Hi all. I am a former scout, current scouter, and an occasional backpacker. My kit used to be ultralight until I spent a cold October night under a tarp in the mountains of West Virginia with too small a pad, too thin a bag, and too little sense to crawl into my hiking buddy's 5 pound tent. Silly me. My kit is still pretty light, and it now includes a sweet 7" loft down bag so cold nights are no longer a problem!
I really really like backpacking. I've taken scouts from my troop on 3 backpacking trips (and am trying to arrange a 4th in the near future) that were not part of the regular troop program. Me and some other area scouters were going and just issued an invitation to scouts and parents. Pretty good attendance: 6-10 scouts per trip, roughly half a regular troop outing. I wish the troop would schedule some backpacking trips; I have no intention of running a competing program but 12 plop and drops per year gets dull.

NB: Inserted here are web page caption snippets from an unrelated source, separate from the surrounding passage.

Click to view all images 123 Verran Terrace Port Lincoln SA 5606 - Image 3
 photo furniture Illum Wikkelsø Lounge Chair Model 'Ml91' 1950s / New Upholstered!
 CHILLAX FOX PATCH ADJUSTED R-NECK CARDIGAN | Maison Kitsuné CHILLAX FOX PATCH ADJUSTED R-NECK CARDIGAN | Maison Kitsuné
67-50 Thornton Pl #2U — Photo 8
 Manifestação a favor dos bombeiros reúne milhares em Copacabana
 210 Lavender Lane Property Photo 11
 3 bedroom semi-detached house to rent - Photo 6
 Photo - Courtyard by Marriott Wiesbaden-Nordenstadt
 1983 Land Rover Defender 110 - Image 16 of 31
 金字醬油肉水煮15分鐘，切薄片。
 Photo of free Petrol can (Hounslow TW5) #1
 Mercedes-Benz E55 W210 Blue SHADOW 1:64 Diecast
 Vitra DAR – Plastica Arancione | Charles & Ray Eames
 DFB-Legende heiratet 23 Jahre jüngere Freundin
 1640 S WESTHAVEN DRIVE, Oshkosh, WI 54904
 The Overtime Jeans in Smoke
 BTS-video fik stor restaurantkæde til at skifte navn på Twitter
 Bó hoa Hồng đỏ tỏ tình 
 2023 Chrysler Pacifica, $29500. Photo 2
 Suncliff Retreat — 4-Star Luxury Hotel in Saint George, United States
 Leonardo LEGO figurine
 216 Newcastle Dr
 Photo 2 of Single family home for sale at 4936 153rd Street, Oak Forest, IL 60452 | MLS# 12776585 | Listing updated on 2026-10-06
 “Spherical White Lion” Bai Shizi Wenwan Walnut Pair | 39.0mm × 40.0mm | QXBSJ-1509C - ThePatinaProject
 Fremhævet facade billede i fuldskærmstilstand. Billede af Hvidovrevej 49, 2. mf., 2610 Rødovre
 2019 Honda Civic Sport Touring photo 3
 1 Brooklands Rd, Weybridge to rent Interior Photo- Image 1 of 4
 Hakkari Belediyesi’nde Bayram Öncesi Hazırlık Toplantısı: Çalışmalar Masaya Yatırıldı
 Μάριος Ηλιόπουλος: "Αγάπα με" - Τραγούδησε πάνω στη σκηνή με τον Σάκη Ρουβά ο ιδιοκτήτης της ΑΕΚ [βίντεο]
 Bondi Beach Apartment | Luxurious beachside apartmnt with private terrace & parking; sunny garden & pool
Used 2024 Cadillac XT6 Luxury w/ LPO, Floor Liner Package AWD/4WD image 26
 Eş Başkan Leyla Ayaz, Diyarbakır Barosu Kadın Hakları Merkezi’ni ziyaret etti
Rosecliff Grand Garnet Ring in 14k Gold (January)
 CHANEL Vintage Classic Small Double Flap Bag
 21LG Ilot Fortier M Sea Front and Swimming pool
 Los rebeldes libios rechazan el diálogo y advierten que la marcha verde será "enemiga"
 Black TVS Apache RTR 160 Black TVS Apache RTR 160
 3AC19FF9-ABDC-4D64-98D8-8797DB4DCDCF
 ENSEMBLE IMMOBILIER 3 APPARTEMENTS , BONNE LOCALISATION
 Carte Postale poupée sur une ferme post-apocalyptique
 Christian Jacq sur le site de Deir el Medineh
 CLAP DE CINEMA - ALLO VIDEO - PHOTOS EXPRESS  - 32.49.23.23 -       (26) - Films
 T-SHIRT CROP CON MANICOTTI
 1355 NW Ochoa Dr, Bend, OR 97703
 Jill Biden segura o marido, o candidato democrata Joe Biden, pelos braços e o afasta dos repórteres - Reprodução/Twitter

Our troop went on its first official backpacking trip a little while ago. Scouts camped locally Friday night and drove to the trailhead Saturday morning. I was unable to camp Friday night, and met the troop at the trailhead. I pulled some very heavy packs out of truck and asked the SM about it, and he assured me they had been inspected and were ok. We get a few hundred yards into the trek and one scout starts complaining about a heavy load so the SM distributes his gear to other scouts. (As an aside, that burned my buns as a youth AND as an adult. It's literally punishing trekkers who pack well and rewarding those who don't.)
When we get to the top of the mountain, I insisted that scouts with the heaviest packs open up and show their goods. No kidding, we pulled pounds and pounds of candy out of one pack. Multiple sodas, quart bags of skittles or some such stuff, taffy, etc. No kidding: when we took out the candy there was room in the pack for the sleeping bag that heretofore had been strapped to the top. This is when I find out there was no pack inspection. The SPL didn't do one, the SM didn't do one or follow up with the SPL, and most of these scouts were first time backpackers. The SM chalked it up as a learning experience for the SPL.
I understand boy leadership and learning through experience. But at some point, a 60 pound scout with a 35 pound pack on a leaf covered mountain trail turns from a learning experience into an accident waiting to happen. A handful of scouts on this trip said they never wanted to backpack again. That made me very sad.